Benefits of Having a Savings Account
Regardless of how much you owe creditors, there are undeniable benefits to having a cash reserve. Anything can happen from an injury to a major car repair. If you don’t have enough cash tucked away, you might rely on your credit card or take a risky payday loan. A savings account provides peace of mind. Even if you don’t have a huge bankroll, having a little something in savings provides a cushion and lifts a weight off your shoulders. Just knowing that you have a backup plan in case of an emergency can help you sleep soundly.
Understandably, incorporating saving with loan repayment is much easier to say. At the end of the day, it all balls down to what you bring in. And if what you’re currently paying lenders doesn’t allow for savings, you may have to take a few drastic measures.
Pay Yourself First – No Matter What
Don’t view savings as an option. Treat your savings account like any unexpected expense that you have to pay. Think back to the number of times you encountered an expense that wasn’t in your budget. What did you do? Like most people, you probably hustled and found a way to meet this expense. Maybe you reduced your recreation or entertainment budget, worked a little overtime or made other sacrifices. This situation with your savings is no different. If you presently don’t have enough for savings and loans, think of ways to free up cash. Some experts recommend saving 10% of your income each month. This is a good goal, but if you need to save less, no worries.
Adjust How Much You Owe
To prevent debtors from defaulting on loan repayment, some lenders have provisions that lower loan payments. Although your mortgage lender or auto lender isn’t likely to reduce how much you owe on a whim, you can possibly reduce what you pay monthly to private finance companies and federal student loan lenders. There are different requirements for taking advantage of this provision, and some lenders only adjust payments if debtors experience severe economic hardship. Although lenders don’t have to lower your monthly payments, it’s worth asking.

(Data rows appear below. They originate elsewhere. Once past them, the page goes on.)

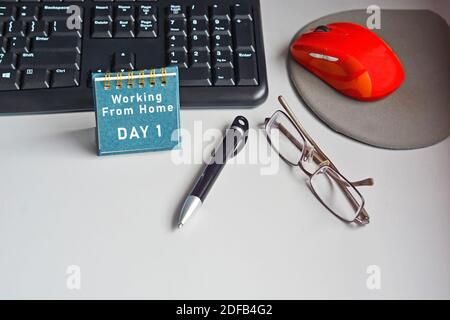 Home desk with keyboard, mouse, eyeglasses, pen and calendar with text Stock Photo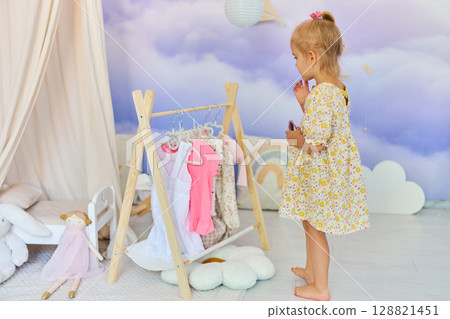 Little child girl choosing her clothes. Little child girl choosing her clothes. 128821451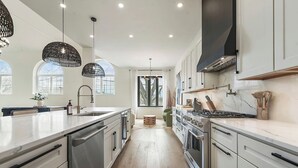 Een moderne keuken met een centraal eiland, roestvrijstalen apparatuur en hangende lampen.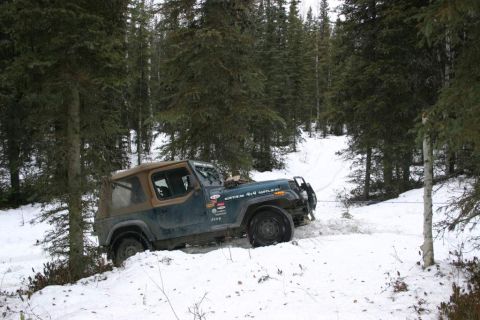 2003 Jeep TJ - A 2003 Jeep TJ navigates a snowy trail through a dense forest, with a tow rope attached.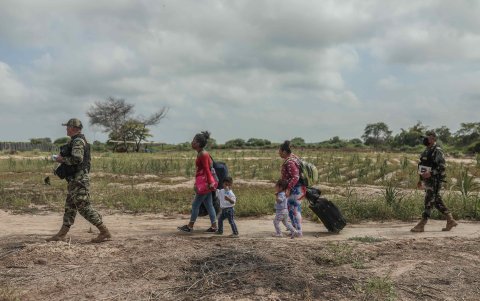 Un grupo de personas de origen venezolano son escoltados por elementos de la policía de Perú en Tumbes, fronterizo con Ecuador.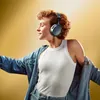 Sennheiser Momentum 4 Wireless noise cancelling headphones in Denim, worn by a woman in a denim jacket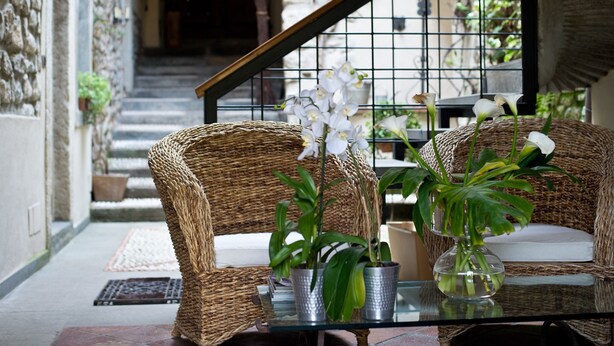 Un canapé en osier avec des coussins blancs, une table en verre ornée de plantes en pot et un escalier en arrière-plan.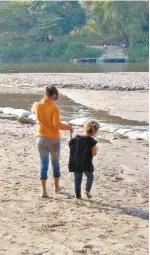  ??  ?? Antes de alejarse del río Suchiate, Angeli lleva a su hermana para que toque el agua.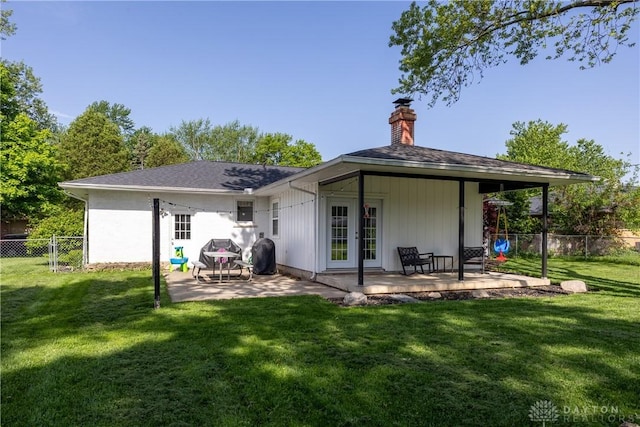 763 Lymington Rd, Troy, OH 45373 - rear view of property featuring a chimney and a patio area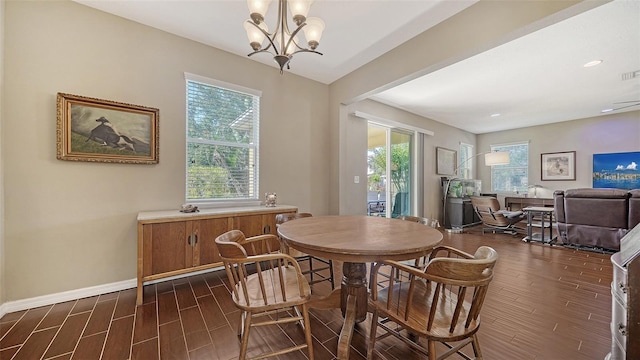 5403 Mang Pl, Sarasota, FL 34238 - dining space with an inviting chandelier, baseboards, plenty of natural light, and dark wood-style floors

Open a High-Yield Savings Account
As long as you’re paying on your loans, your savings account may grow at a slow pace. If you have barely enough disposable income for savings and loans, maximize your savings with a different type of account. Check out high-yield savings accounts offered by your bank or an online bank. Deposit your cash in this account and earn a higher return. These accounts have higher interest rates than a regular savings, helping you get the most out of your savings.